About this exercise
Two lines in the listing below mark the span: one contains "14k White Gold 5mm Button Studs" and one contains "Cheeki Insulated Tumbler". Reproduce both of them and everything between, exactly.

Source information
▬▬▬▬▬▬▬▬▬▬

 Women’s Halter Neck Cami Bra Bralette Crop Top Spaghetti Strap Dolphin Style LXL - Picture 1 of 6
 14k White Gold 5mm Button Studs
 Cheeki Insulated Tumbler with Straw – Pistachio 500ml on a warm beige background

▬▬▬▬▬▬▬▬▬▬

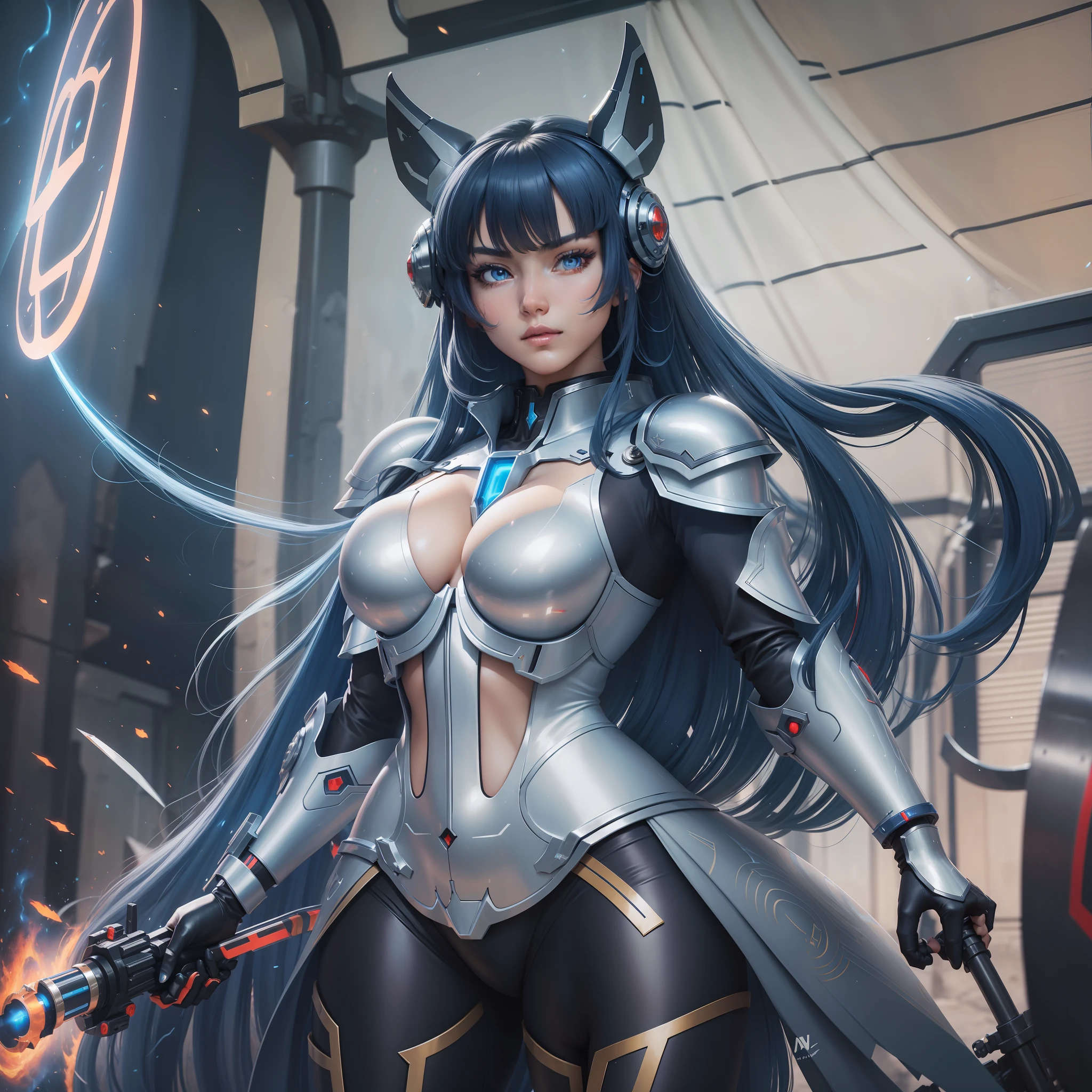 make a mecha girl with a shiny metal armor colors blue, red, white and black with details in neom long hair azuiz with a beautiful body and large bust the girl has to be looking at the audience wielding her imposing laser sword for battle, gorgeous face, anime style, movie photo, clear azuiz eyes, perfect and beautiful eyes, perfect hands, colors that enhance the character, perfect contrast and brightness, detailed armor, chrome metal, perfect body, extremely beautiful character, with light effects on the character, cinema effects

▬▬▬▬▬▬▬▬▬▬

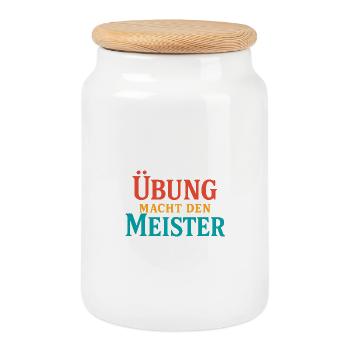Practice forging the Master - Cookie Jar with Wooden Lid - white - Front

▬▬▬▬▬▬▬▬▬▬

Result of this task
 14k White Gold 5mm Button Studs
 Cheeki Insulated Tumbler with Straw – Pistachio 500ml on a warm beige background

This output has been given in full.